To better demonstrate what I'm talking about (re: Topic-based v
Content-based), I've put up a little demo. (Code speaks louder than
words...) Check out: http://frackim.appspot.com/ . "FrackIM" allows you to
"Follow" or "Track" messages which originate either from XMPP IM or from
PubSubHubbub. Read the instructions <http://frackim.appspot.com/> and then
add [email protected] to your buddy list.

The software uses the AppEngine Prospective Search Service and delivers
results using AppEngine's XMPP service. Topic-based behavior is implemented
by subscribing to messages using a query that constrains the "follow"
attribute of messages. This attribute contains either an XMPP JID or an
HTTP URL (the URL is, of course, a PSHB "topic"). For example:
/subscribe follow:huffingtonpost.com is like a topic-based subscription in
PSHB today.
To get "content-based" behavior, you create a subscription that constrains
the "track" attribute of a message. Thus:
/subscribe track:obama is content-based and will match any IM or PSHB
message that contains the word "Obama".
of course, you can combine the two together like this:
/subscribe follow:huffingtonpost.com AND track:obama which would return
only messages published by HuffingtonPost that contain the word Obama.

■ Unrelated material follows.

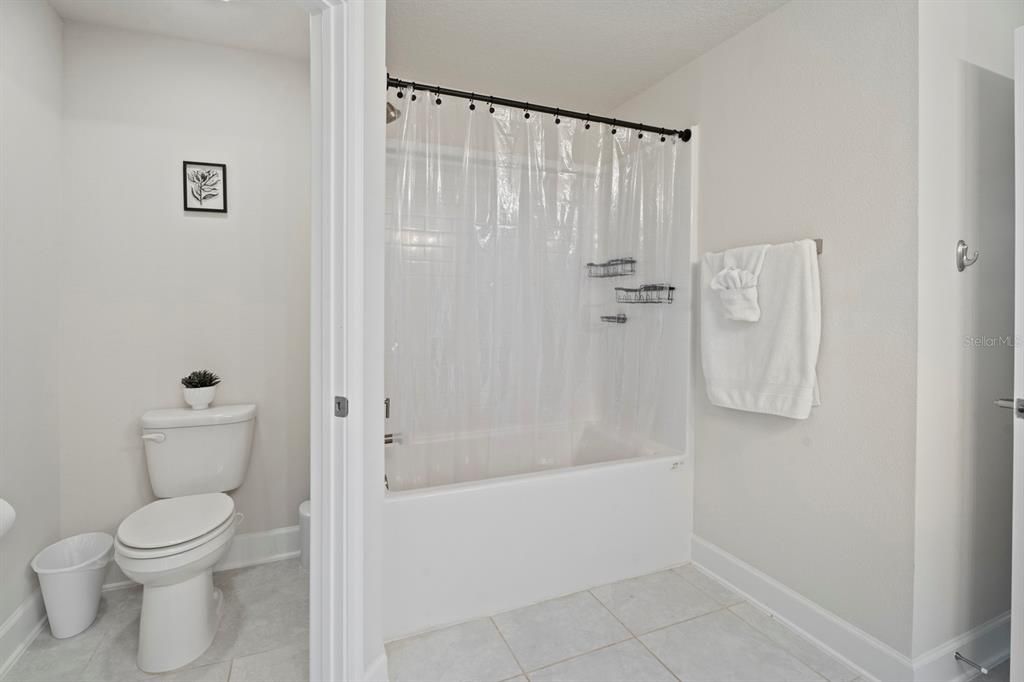 For Sale: $459,900 (4 beds, 3 baths, 2400 Square Feet)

The point here is to demonstrate that a content-based system can implement
topic-based as a degenerate, trivial case. (i.e. in this example, a "topic
based" system would only support the "follow" attribute.) However, such a
system is easily extended to handle more complex applications by simply
allowing more fields to match against and by allowing a greater variety of
query operators. In such a system, you never even consider building a
"firehose" since you essentially start off with one to begin with.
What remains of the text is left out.